Based on the aforementioned challenges, this study proposes an integrated weed detection, localization, and laser weeding framework for sweet corn fields at the seedling stage. The purpose of this work is not limited to improving weed detection accuracy, but also extends to developing a lightweight perception module capable of supporting real-time weed localization for laser weeding. Specifically, the objectives of this study were as follows:
(1) Was to create a real-world weed image dataset for sweet corn fields at the seedling stage. Field images were collected under natural conditions and expanded through data augmentation, providing a reliable data basis for model training and evaluation.
(2) To develop a lightweight weed detection model, YOLO-GFD, for real-time weed localization in sweet corn fields.
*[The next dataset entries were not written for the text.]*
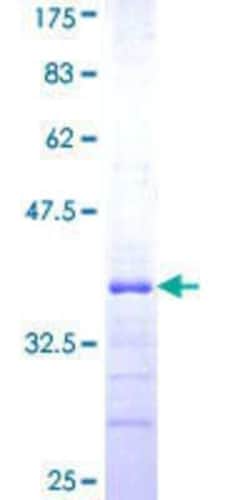 Novus Biologicals Recombinant Human RNF141 GST (N-Term) Protein 25 &mu;g | Buy Online | Novus Biologicals&trade; | Fisher Scientific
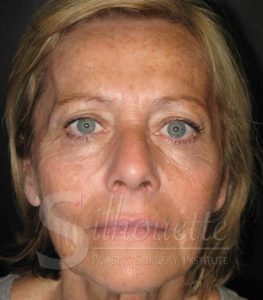 laser skin resurfacing orange co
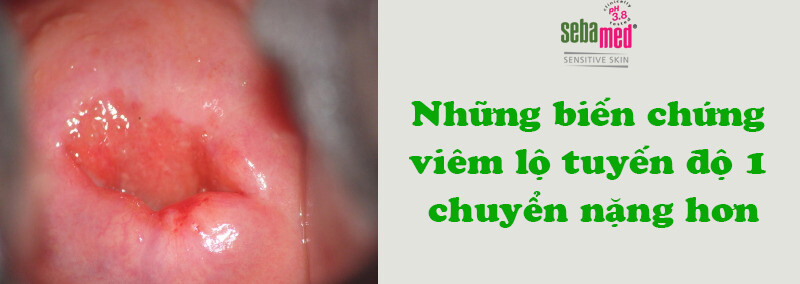 Viêm lộ tuyến độ 1 dấu hiệu và cách điều trị 9 - 9 Những biến chứng khi viêm lộ tuyến độ 1 chuyển nặng hơn.
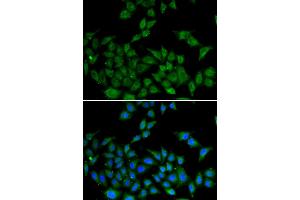 Immunofluorescence analysis of HeLa cells using DIDO1 antibody (ABIN5973852). (DIDO1 Antikörper)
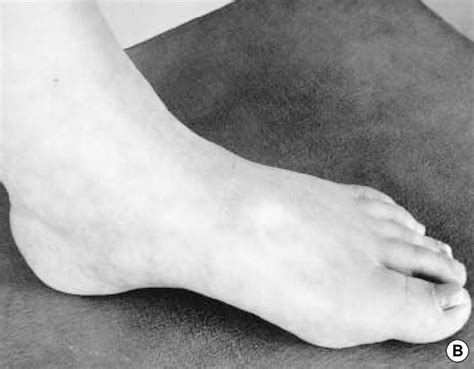 Swelling And Pitting Edema Of Both Hands A And The Dorsum Of The Feet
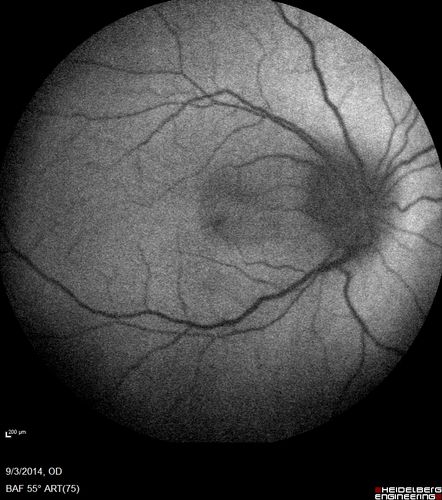Neuroretinitis - Cat Scratch - Bartonella - Sudden Vision Loss Right Eye - 29 Year Old Female
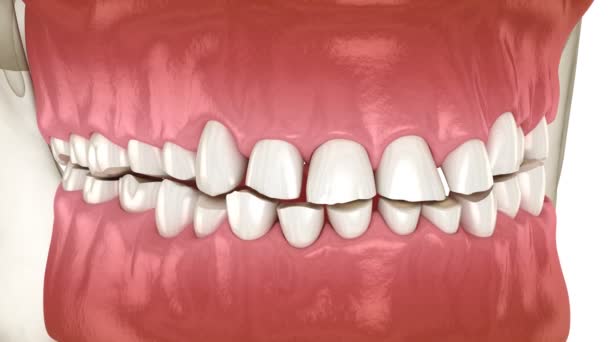 Zubní Implantace Bruxismus Vedoucí Ztrátě Zubní Tkáně Animace Zubů — Stock video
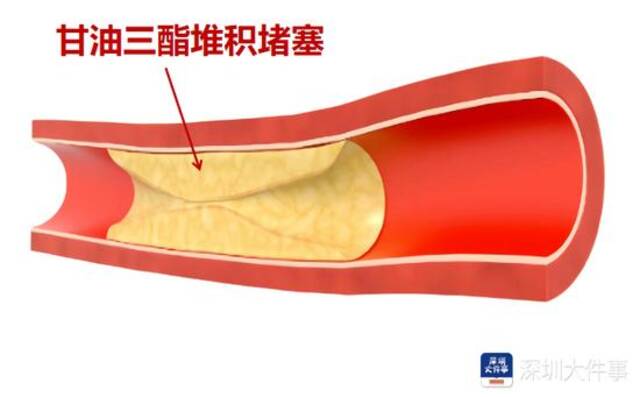 吓人！深圳一女子体内抽出“牛奶血”，有这些习惯的人要注意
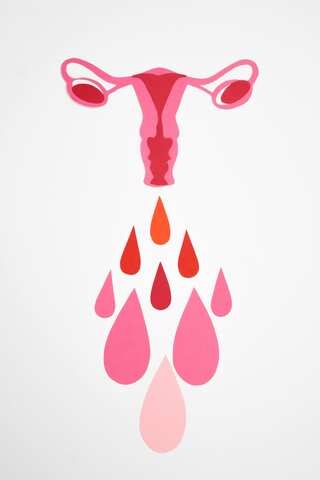 6 Myths About PCOS And Why They Are Wrong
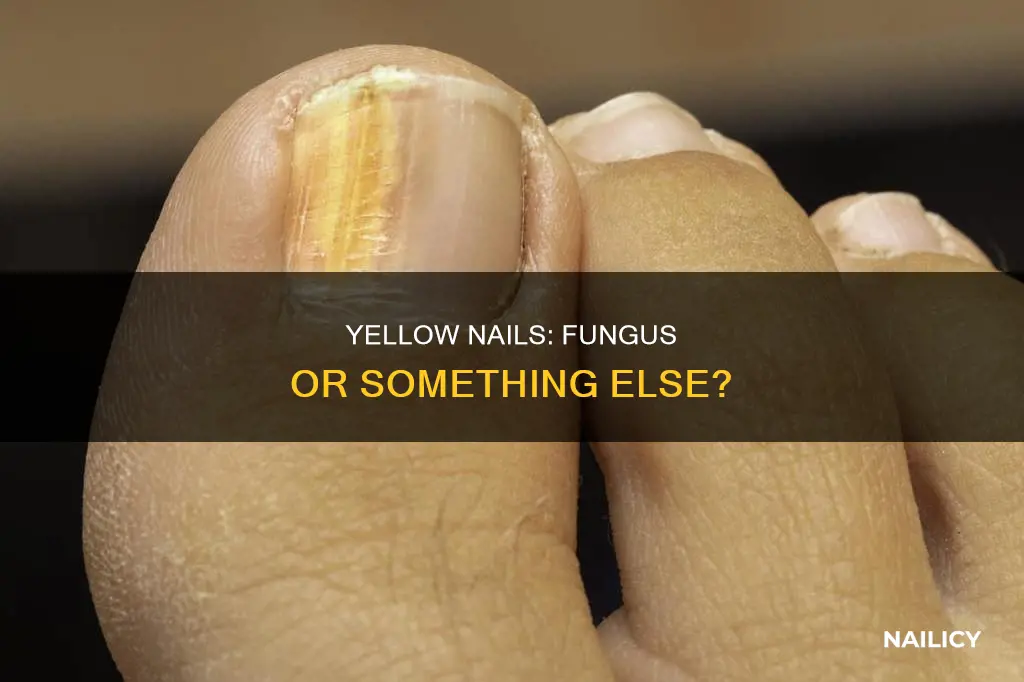 do yellow nails always mean fungus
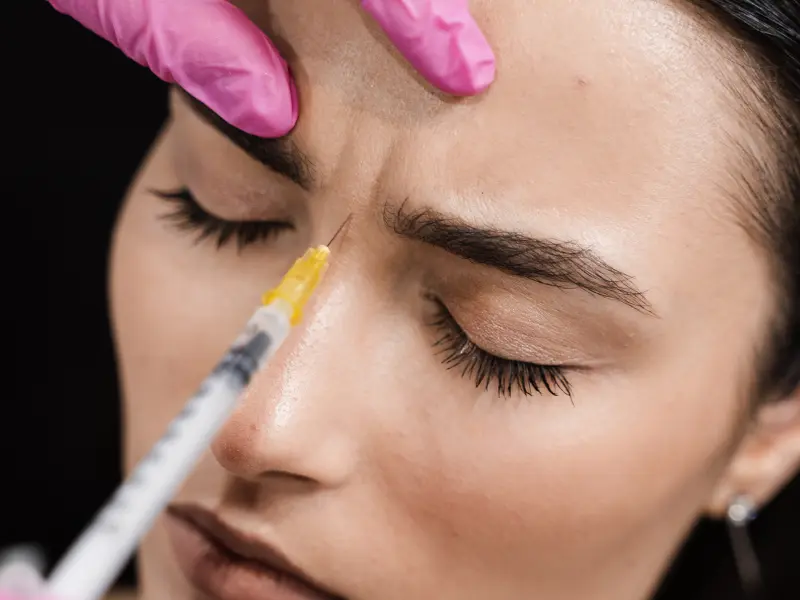 what is ellanse filler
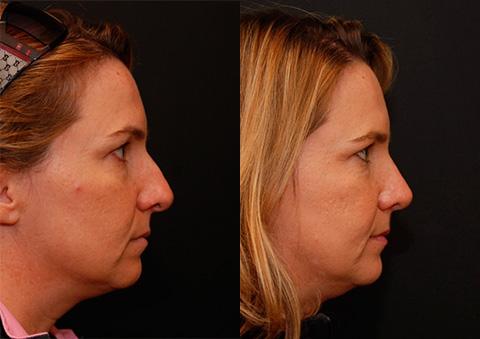 Rhinoplasty (Nose Reshaping) Before and After Photos in Cincinnati, OH, Patient 6206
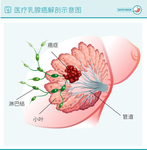 医疗乳腺癌乳腺增生示意图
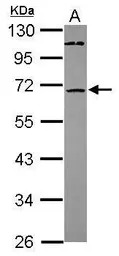 ST6GALNAC1 antibody [N2C2], In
In this model, a CAMB feature enhancement module was designed and embedded into the C2f-Faster structure to improve feature fusion and weed target representation under complex field backgrounds. Meanwhile, GAM-StarNet and Detect-GSC were introduced to reduce model complexity, and the original CIoU loss was replaced with WIoU to improve bounding box regression. This design enabled the model to balance detection accuracy, lightweight deployment, and real-time localization requirements for laser weeding.
(3) To conduct laser weeding experiments using near-infrared and blue light lasers under different power levels and irradiation durations. The experimental results were used to determine suitable laser operation parameters, providing technical support for subsequent weed center targeting and precision laser weeding in sweet corn fields.